DIRECTED BY: Victor Salva

FEATURING: Sean Patrick Flanery, , ,

PLOT: A supernaturally gifted teen misfit fights against the grain when he is forcibly integrated into a backward community.

Still from Powder (1995)


WHY IT SHOULD MAKE THE LIST:  A strange blend of fantasy and drama, Powder has shadings of The Enigma of Casper Hauser (1975), Carrie (1976), and The Man Who Fell to Earth (1976).

COMMENTS: In a situation reminiscent of Casper Hauser’s enigma in the 1975 film, Jeremy Reed (Flanery) is discovered sequestered in his grandmother’s basement upon her death in a podunk Texas town. A bright, sensitive boy, he has been raised without contact with the outside world, with which he is acquainted only through books. He happens to be albino, and not just like Edgar Winter—he is mime white.

Additionally, he is hairless. Because of his unsettling appearance he attracts the unbecoming nickname “Powder.”  He also attracts static electricity. His father rejected him because of his appearance; his grandparents sheltered him. Contact with the outside world is novel and very troublesome for Powder, and for those who meet him.

The film opens with his premature birth after his mother is struck by lightning. This turns out to be foreshadowing: concepts of electricity and energy are dispersed throughout the film. Powder’s body exudes an interactive electromagnetic field. Wristwatches run backward when he’s upset, televisions overload with static, electronic devices run haywire. In a discussion with his teacher, the instructor tells Powder that Einstein allegedly said he wasn’t sure death exists, because energy never ceases to exist, and that if man ever reaches a point where he can use all of his brain, he would be pure energy and not need a body. This catches Powder’s attention.

Powder is still a minor, and not exactly the picture of conformity. Ideally, he needs to be in a progressive, tolerant environment; so, of course, the local authorities lock him up in a violent rural boys’ home that’s more reform school than orphanage. As one can imagine, he is welcomed with open arms by the crude, hostile ruffians. Well, not exactly; they harass and torment him incessantly, with murder in their collective eye.

While he is a ward of the state, two staffers played by Steenburgen and Goldblum try to help him. Powder takes aptitude tests. His unusually high scores indicate that he has a profound intellect, but nobody believes it.

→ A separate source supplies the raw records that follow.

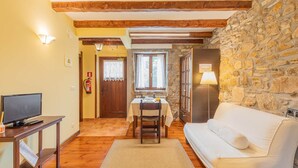 A cozy living room with a stone wall, wooden beams, a white sofa, a dining table with chairs, a television on a stand, and a fire extinguisher.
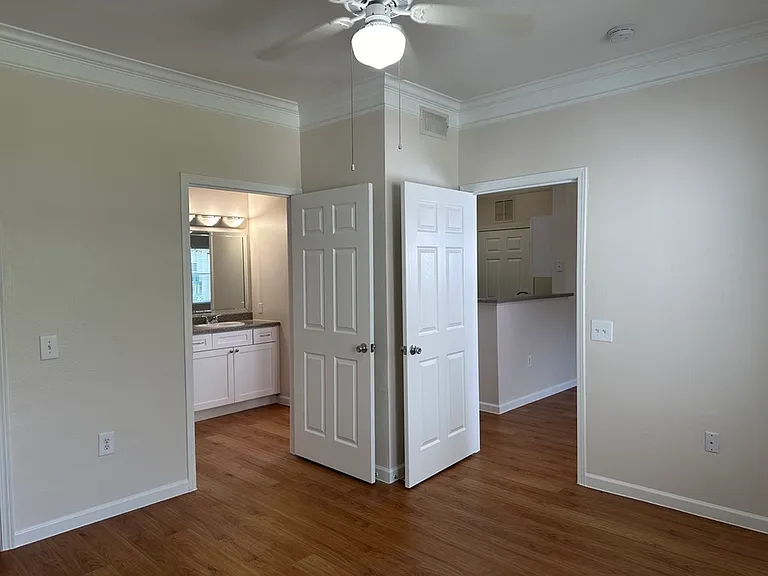 Bright room with wood-style floors, featuring elegant crown molding, a ceiling fan, and doorway views into a modern bathroom and kitchen. Bright room with wood-style floors, featuring elegant crown molding, a ceiling fan, and doorway views into a modern b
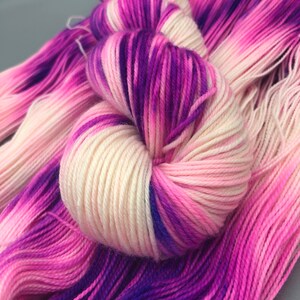 May include: A skein of yarn with a gradient of pink, white, and purple colors. The yarn is soft and fluffy, and it would be perfect for knitting or crocheting.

His test results are challenged by a panel of  hostile state goons. Meanwhile, the bullies in the state boys home discover that he can defend himself with telekinetic electromagnetic powers.

Like a faith healer, Powder cures a dying woman. This development adds a religious element to the film that complicates efforts to comprehend Powder’s true nature. While his in vitro exposure to lightning bestowed him with electromagnetic powers, he has other abilities as well, including psychic ones. Difficult to classify and out of his element, Powder is like a stranded alien.

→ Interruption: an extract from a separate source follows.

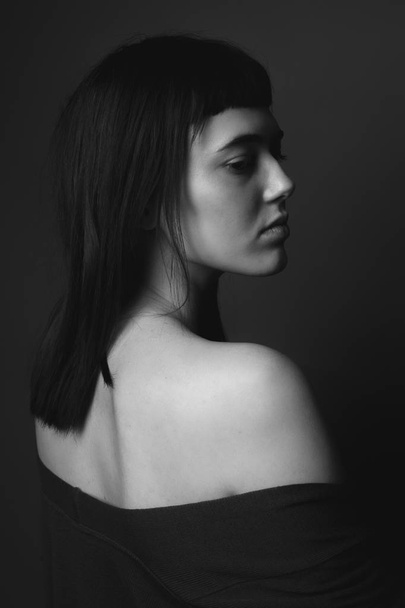 Portrait of attractive young woman with bare shoulders. Black and white. From back - Foto, Imagen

As Powder and the confused, disturbed locals continue to clash, the chasm between them grows wider. Many are awed by and fearful of his unusual talents. All Powder wants to do is go home and live in seclusion. He escapes the group home and tries to return, but his family property has been foreclosed upon. Some town officials encourage him to run away, others want him back in the boys’ home.

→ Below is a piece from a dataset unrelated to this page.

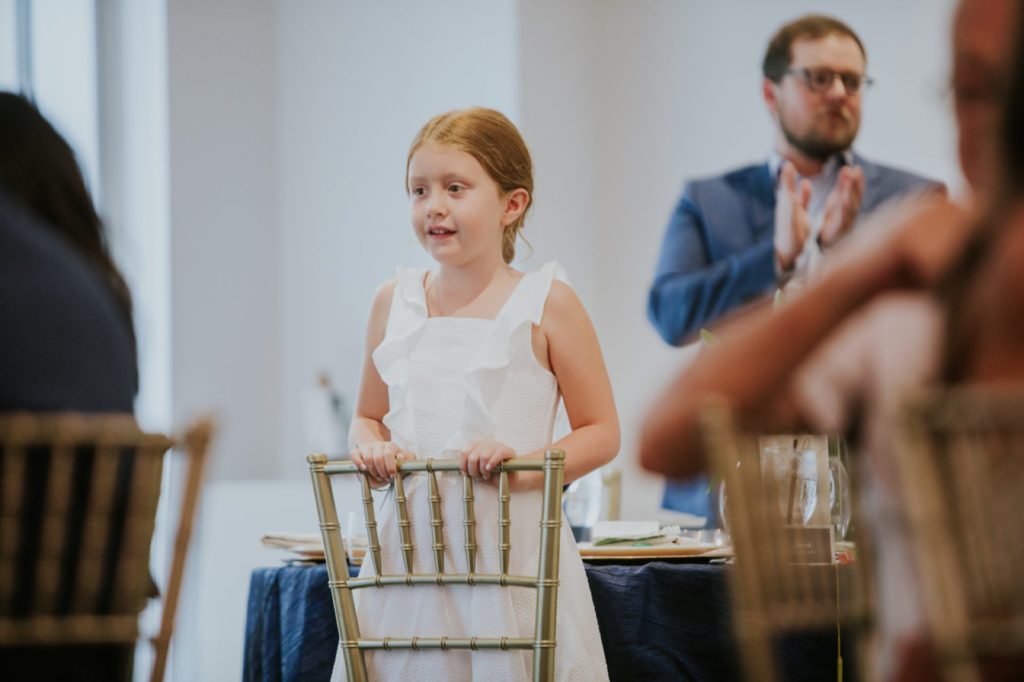 a young girl in a white dress is standing on her knees on a backwards chair at Conrad Indianapolis Event Photography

Near the end of the story there’s a suggestion that Powder is just too unique for this world; he’s portrayed like a Christ figure. It is dubious that this is really what the filmmakers had in mind. Powder is a science fiction fantasy about nonconformity and social rejection, not a religious allegory.

Like the title character of ‘s Carrie, Powder is gifted and different, ostracized and misunderstood. Powder, however, does not take a spectacular revenge based on his seething resentment. Instead, he strives and strives to escape somehow, always trying to find a away to transcend his dilemma.

The conflicts, uncertainty, tension and turmoil come to a flashpoint when a huge thunderhead approaches the town and Powder rushes into the storm. In a spectacular cinematic sequence, many uncertain elements of Powder’s riddle merge in an unexpected way that is unconventionally conclusive and magical.

WHAT THE CRITICS SAY:

“Imagine Edward Scissorhands under the control of a mainstream director rather than someone offbeat and eccentric like Tim Burton. The result would have been just another motion picture about a prototypical misfit trying to find his niche — a movie with a lot of manipulation and too many easy answers. Powder is such a film.”–James Berardinelli, Reel Views (contemporaneous)

WHAT’S IN THE PIPELINE

What’s up with Netflix?  They tell me the #1 movie in my queue, Ink, which I desperately wanted to review for next week, is available NOW.  Then, they send me the #2 movie in my queue instead.  So, you won’t get that Ink review this week.   Instead, you’ll get a review of Powder, as well as that great double-feature that gets to the heart of Havana soul, Cuban Story and Cuban Rebel Girls.  Throw in some mix of reviews of Uwe Boll’s House of the Dead, Absurdistan, Richard Kelly’s The Box, and the undead baby flick Grace, and you’ve got yourself a week.

As for the weirdest search term used to locate the site this week, we’ll go with “www.doctor.assess.movies.com.”   I can only guess that the searcher was looking for a very specific website of film reviews by a M.D.; sadly, it doesn’t seem to exist.  Hope you liked our site instead.

In related news, we’re proud to say that last week we came up #1 on Google for the popular search term, “weirdest sex movies.”  Surely people searching for that phrase are hoping to find descriptions of Lucia y el Sexo and Girl Slaves of Morgana le Fay.  It marks a refreshing change from all the people who accidentally stumble on the site looking for porn.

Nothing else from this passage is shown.